> **EXERCISE BRIEF**
Repeat, word for word, each of the records shown below, without their pictures.

> **Image-text web data**
☆ ☆ ☆ ☆

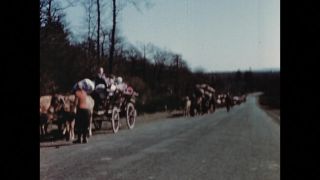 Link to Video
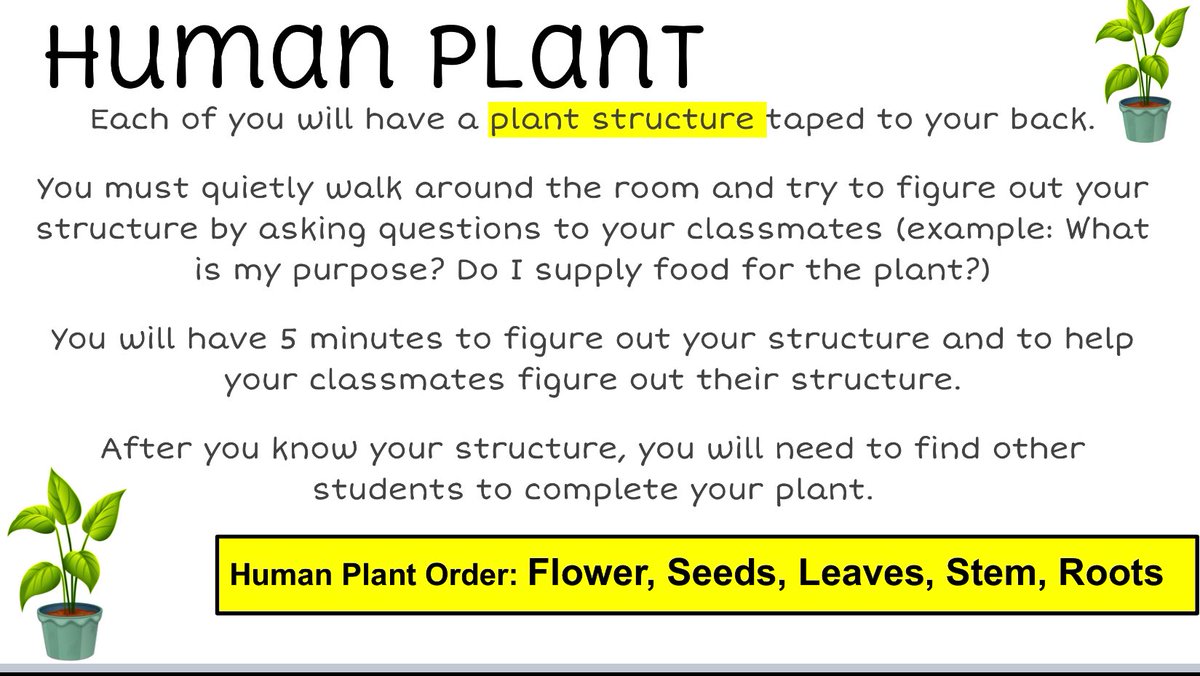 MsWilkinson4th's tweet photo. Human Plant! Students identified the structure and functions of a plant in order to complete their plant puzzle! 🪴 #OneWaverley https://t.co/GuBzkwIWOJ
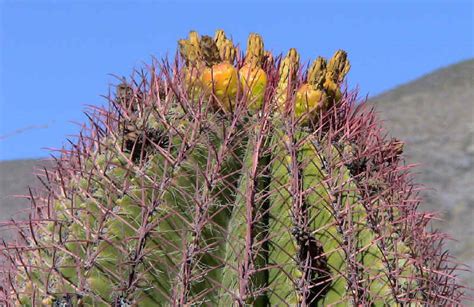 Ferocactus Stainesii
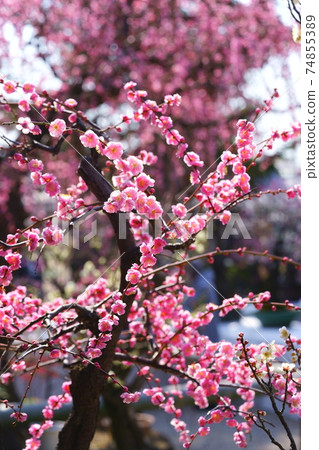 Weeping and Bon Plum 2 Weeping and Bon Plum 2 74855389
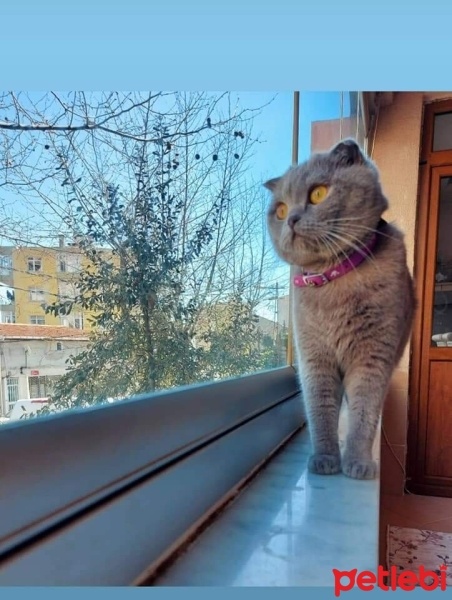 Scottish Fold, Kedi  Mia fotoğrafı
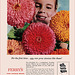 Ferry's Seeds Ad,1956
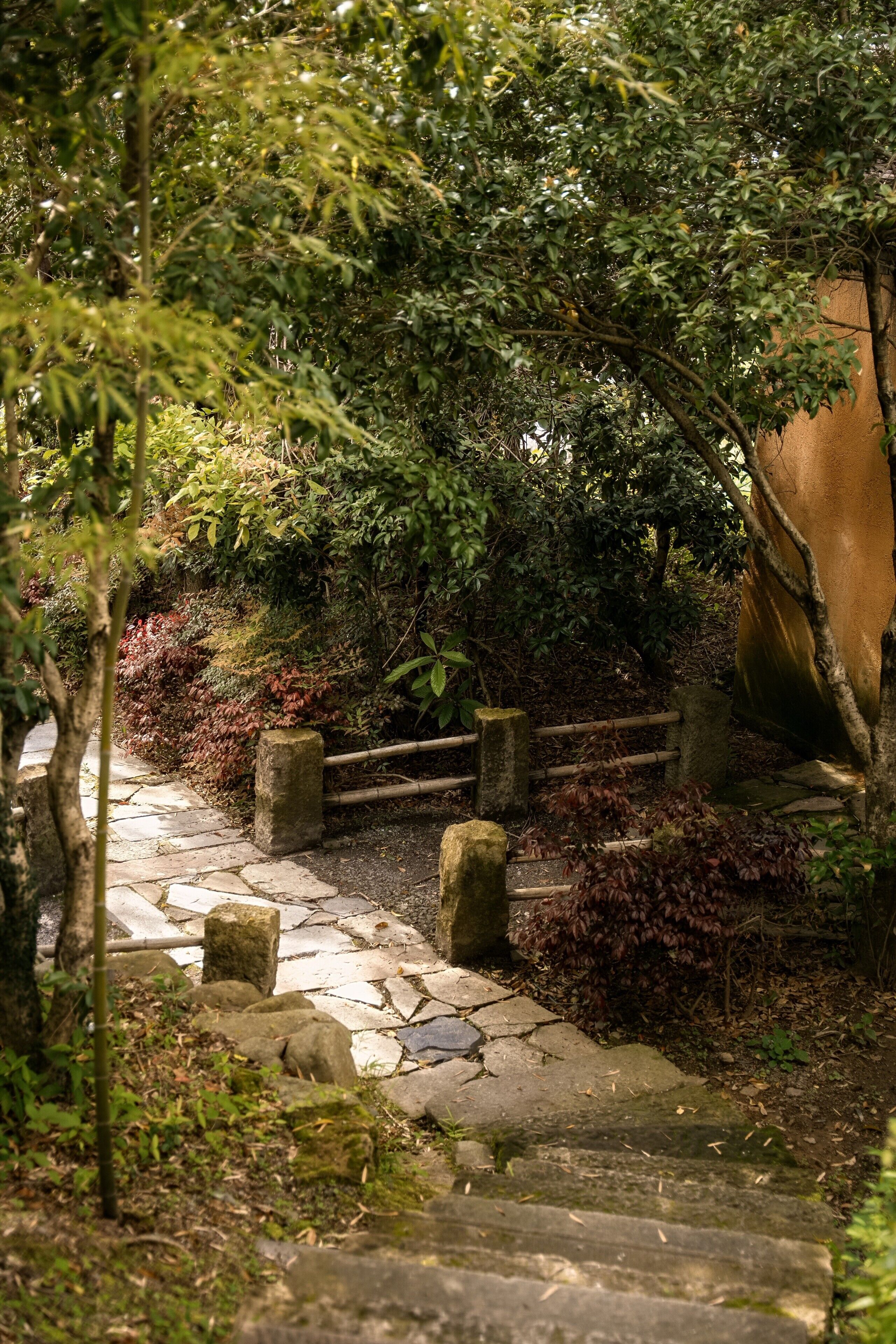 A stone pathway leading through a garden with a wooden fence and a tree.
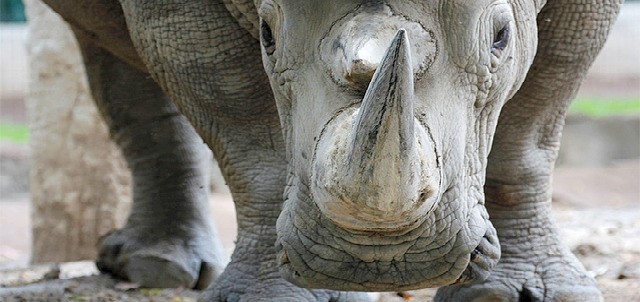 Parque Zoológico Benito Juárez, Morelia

☆ ☆ ☆ ☆

> **RESPONSE FOR THIS EXERCISE**
 Link to Video
 MsWilkinson4th's tweet photo. Human Plant! Students identified the structure and functions of a plant in order to complete their plant puzzle! 🪴 #OneWaverley https://t.co/GuBzkwIWOJ
 Ferocactus Stainesii
 Weeping and Bon Plum 2 Weeping and Bon Plum 2 74855389
 Scottish Fold, Kedi  Mia fotoğrafı
 Ferry's Seeds Ad,1956
 A stone pathway leading through a garden with a wooden fence and a tree.
 Parque Zoológico Benito Juárez, Morelia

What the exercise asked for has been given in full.